Le Conseil d'état distingue ainsi deux situations :
  • dans les zones non interconnectées, la production locale doit couvrir l'intégralité des besoins de la consommation. Il s'agit essentiellement de régions insulaires (en dehors de la Corse bénéficiant d'une interconnexion partielle avec l'Italie), où toute l'électricité consommée doit être produite localement : Guadeloupe, Martinique, La Réunion, Mayotte, etc. Dans ces zones, les ouvrages dont la production est entièrement destinée de façon permanente aux réseaux de transport ou de distribution doivent être regardés comme affectés au service public de la sécurité de l'approvisionnement et ont, par suite, le caractère d'ouvrage public ;
  • à l'inverse, dans les zones interconnectées, tous les sites de production ne présentent pas la même importance. Seuls les ouvrages déterminants pour l'équilibre du système d'approvisionnement en électricité sont considérés comme directement affectés au service public. L'avis du Conseil d'état retient un seuil de puissance supérieur à 40 MW pour la qualification d'ouvrage public – soit un parc d'une quinzaine d'éoliennes, à peu près.

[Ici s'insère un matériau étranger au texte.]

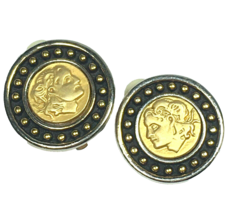 Roman Cameo Coin Black Silver &amp; Gold Tone Clip On Costume Earrings - £17.30 GBP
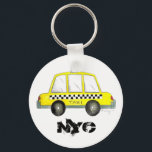 Porte-clés Taxi NYC Yellow New York City Checkered Cab Gift<br><div class="desc">Design features an original watercolor illustration of a classic yellow New York City checkered taxi cab. Great for anyone who lives in or loves NYC!

Don't see what you're looking for? Need help with customization? Click "contact this designer" to have something created just for you!</div>
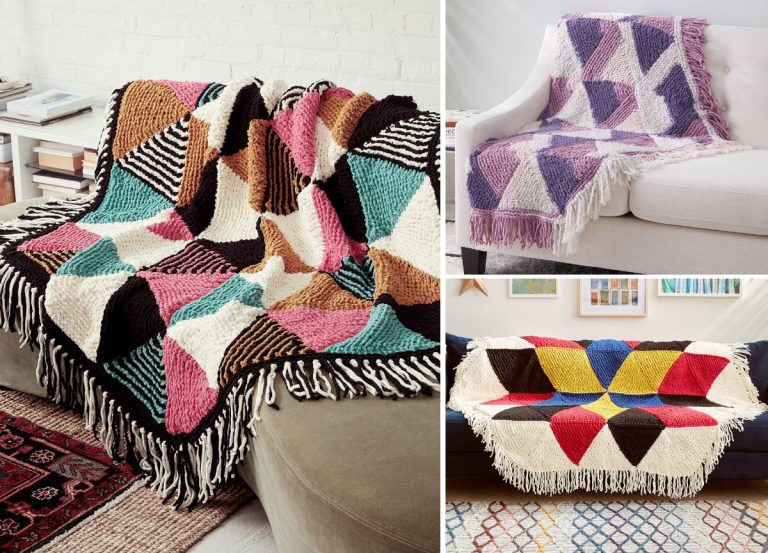 Three geometric-patterned knit blankets featuring knit hexagons and fringe, displayed draped over couches and a chair in different home settings.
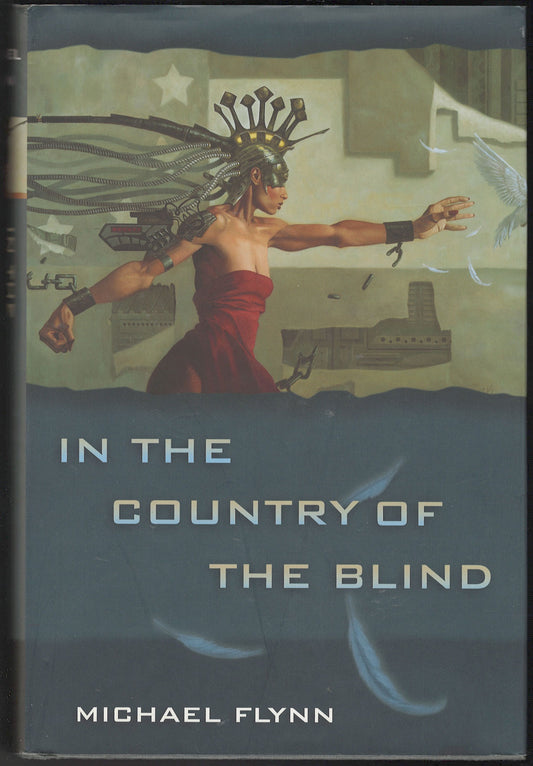 Front cover of In the Country of the Blind by Michael Flynn, featuring an illustration of a woman in a red dress and headdress.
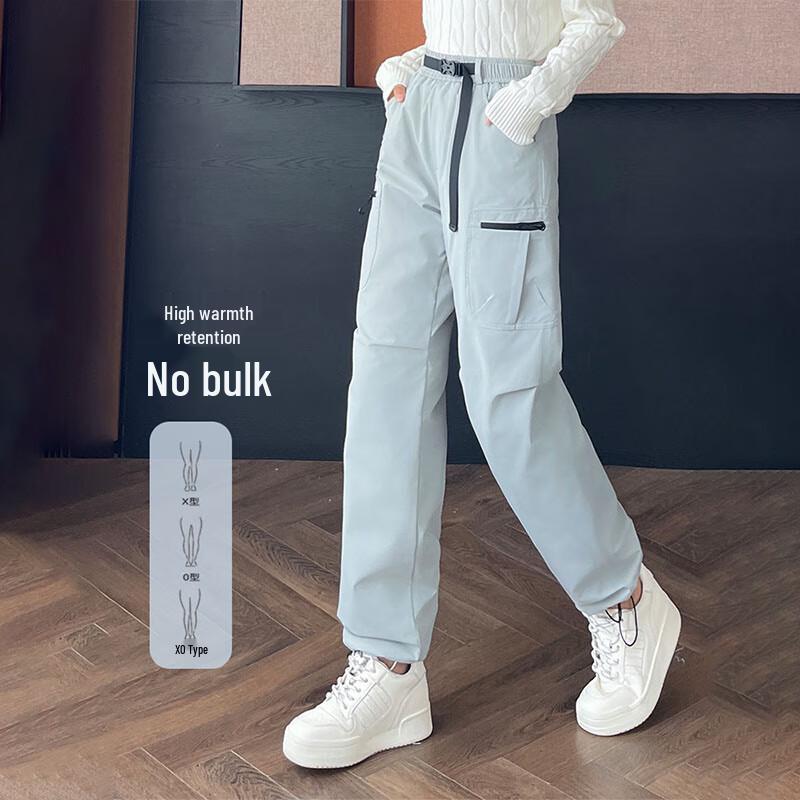 XueZhongFei Couple's Water-Repellent Straight-Leg Down Pants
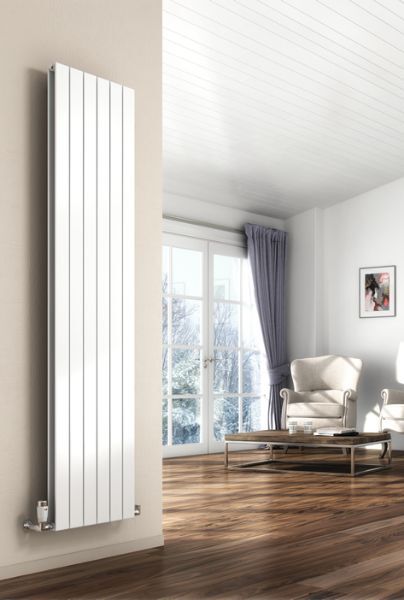 Picture of FLAT 440mm Wide 1800mm High Designer Bathroom Radiator - White Double
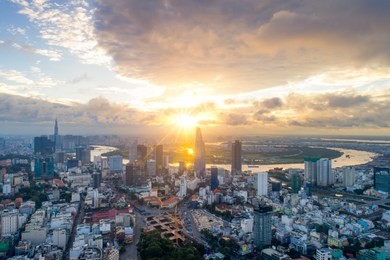 aerial view of ho chi minh modern office buildings, condominium n ho chi minh city downtown with sunset scenery, ho chi minh is the most populated city in southeast asia.ho chi minh,vietnam.
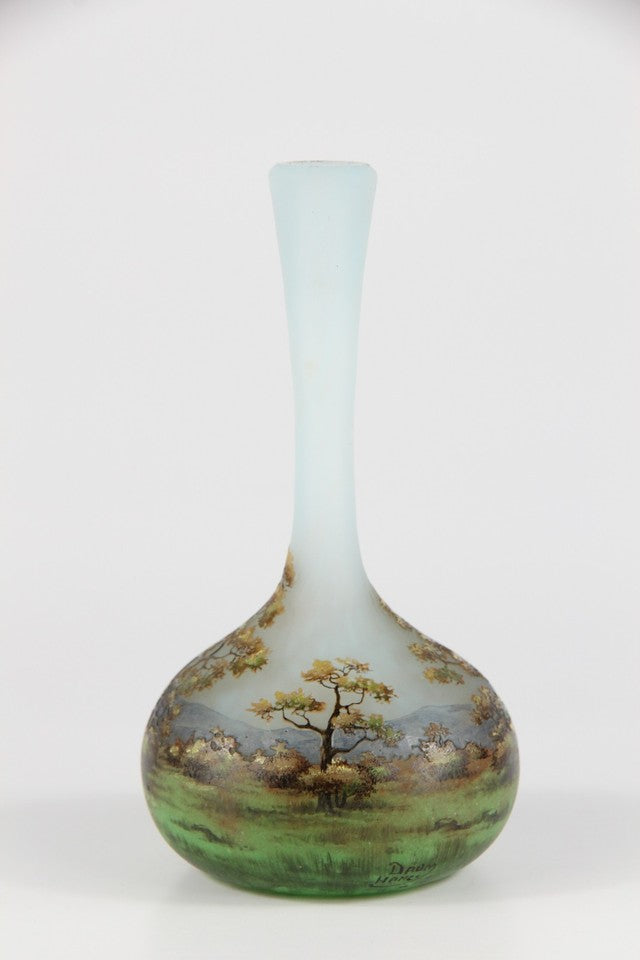 アール・ヌーヴォーの名品！アルフォンス・ジョルジュ・レイエン「花虫文花瓶」 ドーム兄弟 風景の花瓶 オリジナル・アールヌーボー様式のガラス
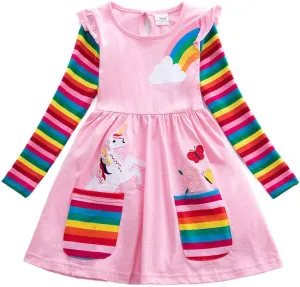 Cotton Girls Flower Rainbow Long Sleeve Dresses Butterfly Animal for Kids 3-8 Years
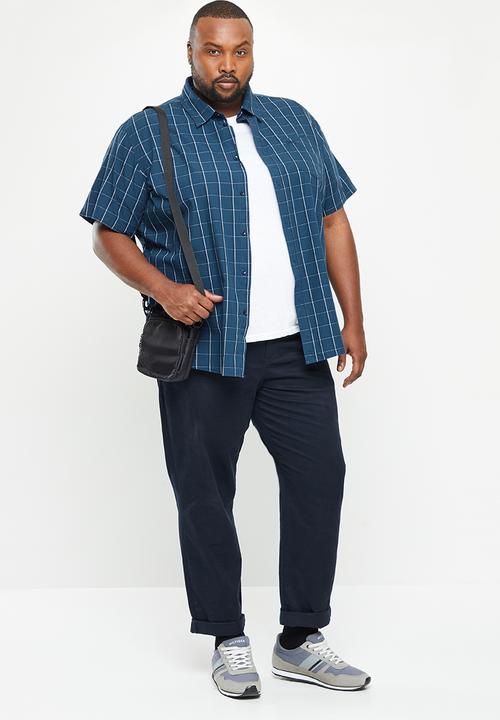 JEEP - Plus short sleeve yarn dyed check - navy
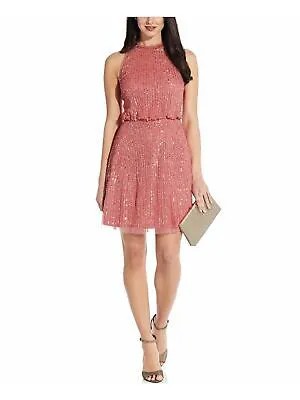 ADRIANNA PAPELL Женское розовое короткое вечернее платье-блузон без рукавов на молнии 10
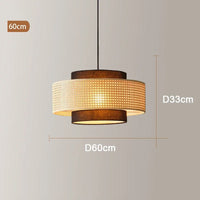 Suspension Design Bambou Rotin avec LED.
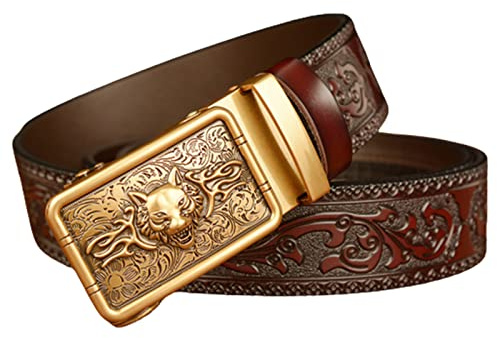 OBASDFD Ceinture À Cliquet En Cuir Gaufré Avec Boucle Coulissante Automatique Tête De Loup Dorée Imprimée 3D For Homme(Brown,120cm/waist:40~42)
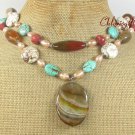 BRAZILIAN AGATE TURQUOISE CORAL FW PEARL 2ROW NECKLACE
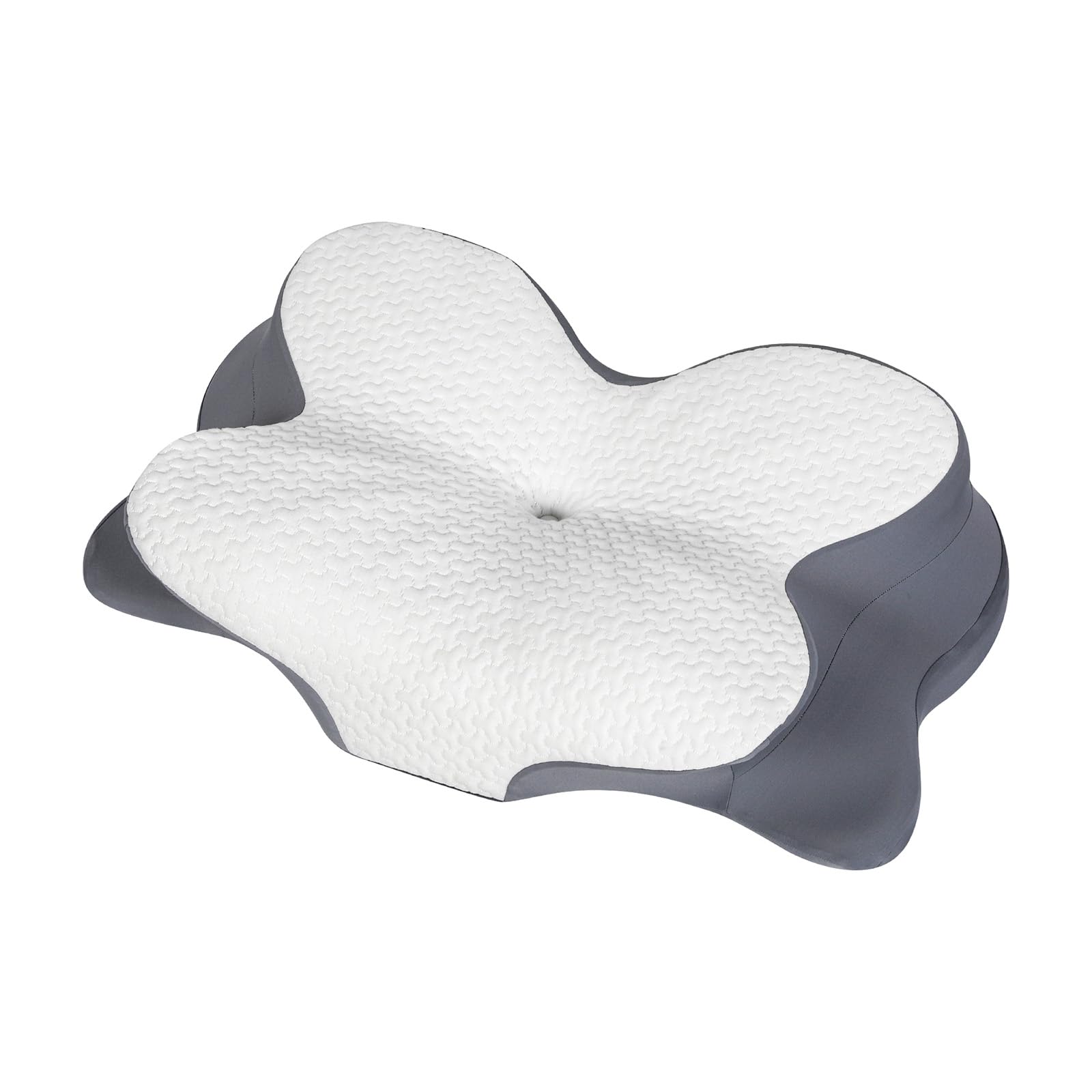 Lavio Grey Cervical Neck Pillow Memory Foam Pillows Neck Shoulder Arm Support Pain Relief Ergonomic Design, Stomach & Back Sleeper Sleeping, Different 2 Heights, Removable Washable Pillowcase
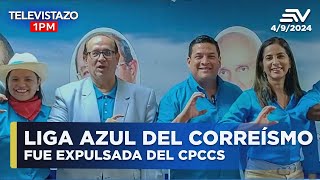 Liga Azul del correísmo fue expulsada del CPCCS  Televistazo1PM ENVIVO🔴 [upl. by Essile]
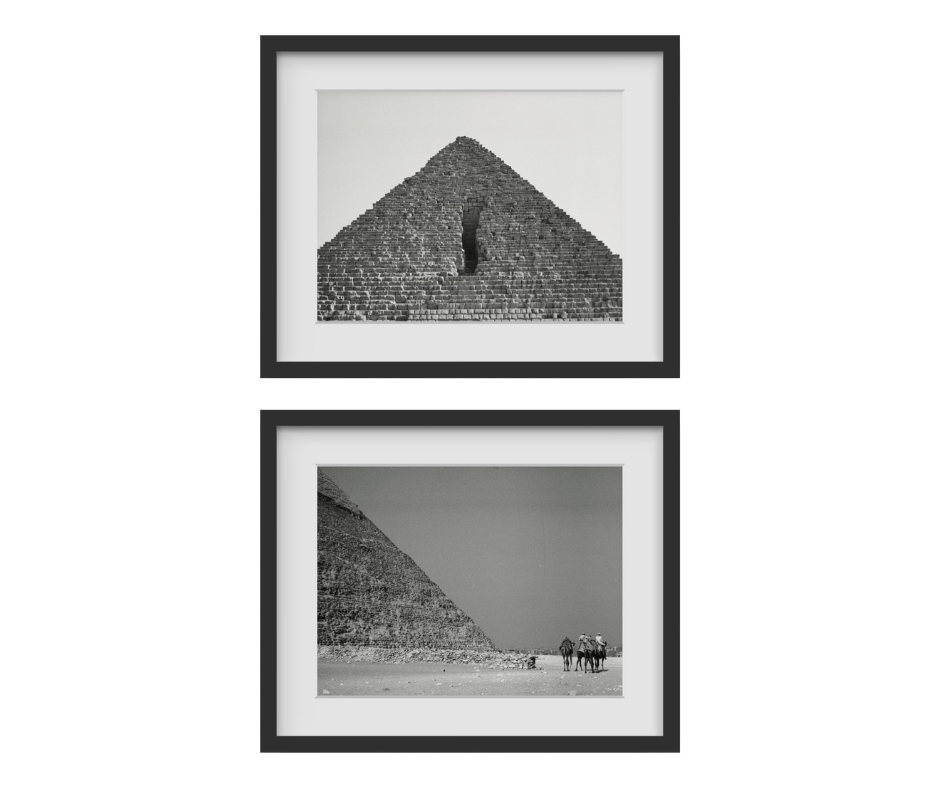 This professional photography for sale includes two black and white photos of pyramids in Cairo, Egypt.  The photos were taken by award-winning photographer, Paul Scott.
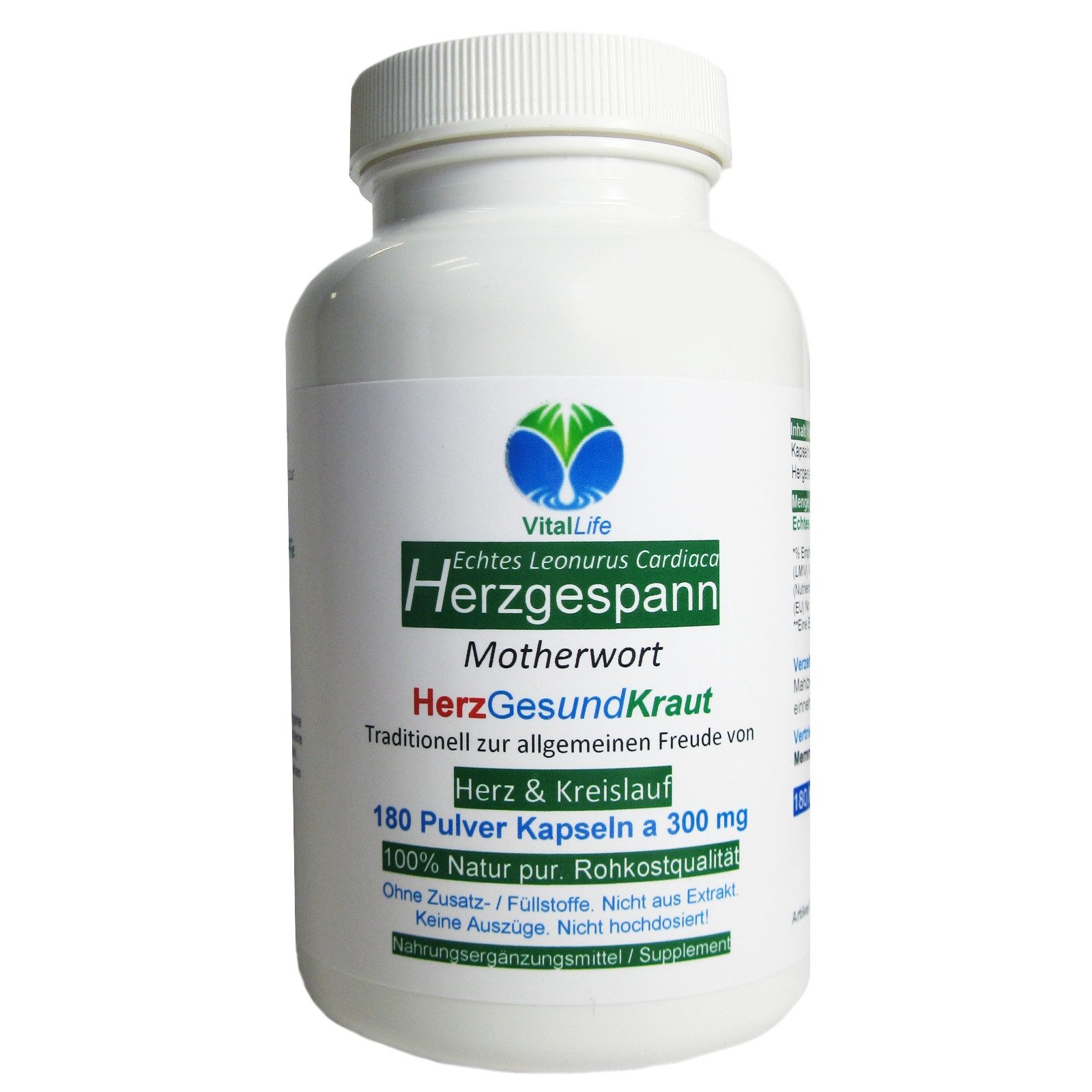 VitalLife Echtes Herzgespannkraut Herzgepann nach Hildegard von Bingen Kapseln, 1 er Dose à 180 St., 54 g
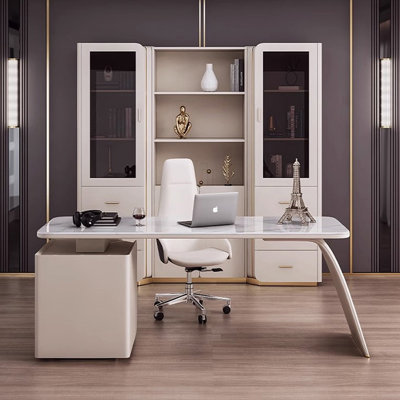 White Rectangular Sintered Stone Executive desk with drawers desk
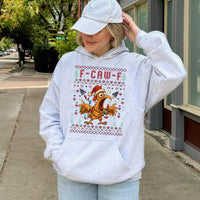 Humorous Chicken Holiday Hoodie, F-Caw-F Ugly Christmas Hoodie, Sarcastic Poultry Xmas Hoodie, Rooster Christmas Sweatshirt, Farm Winter Present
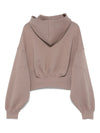 Back Rib Crop Hoodie - Red Brown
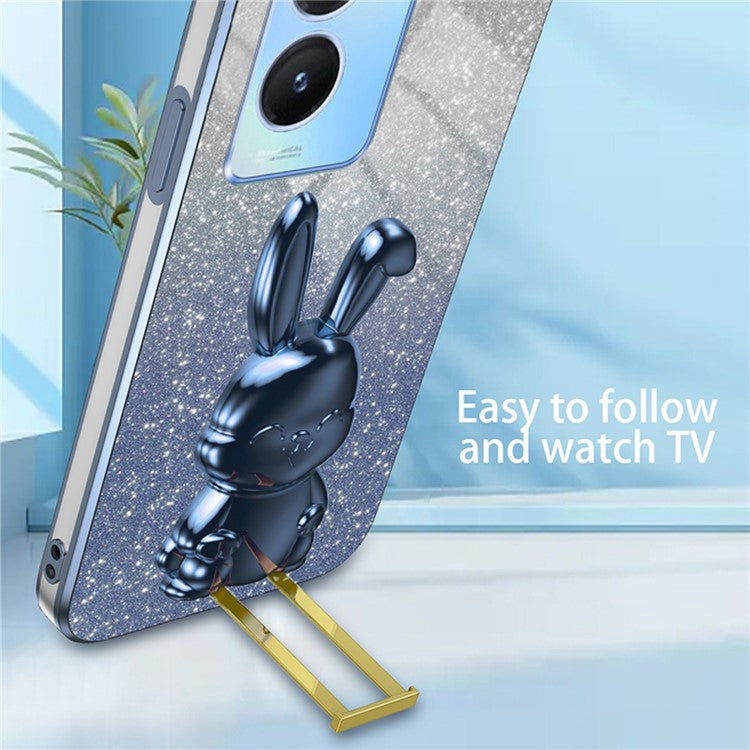 For vivo Y35 5G Pull-Out Kickstand Phone Protective Case Cartoon Rabbit Decor Cover - Blue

– Conclusion. – Il est temps d'une synthèse, alors que nous avons pourtant essayé de simplifier le propos. Au fond, la question de la planification, appliquée aux éoliennes, se résume à une question très simple : à quel endroit a-t-on le droit de les implanter ? La combinaison de l'urbanisme et de l'environnement donne un impressionnant millefeuille de solutions. On perçoit bien sûr des récurrences et des lignes directrices. Mais avec tellement de subtilités selon les lieux – sur le plan du droit environnemental, pourquoi le Mont-Blanc ce n'est pas la pointe du Raz ? – que l'on se prend à rêver, quand même, à une possible harmonisation pour produire un résultat peut-être pas plus simple, mais au moins plus lisible.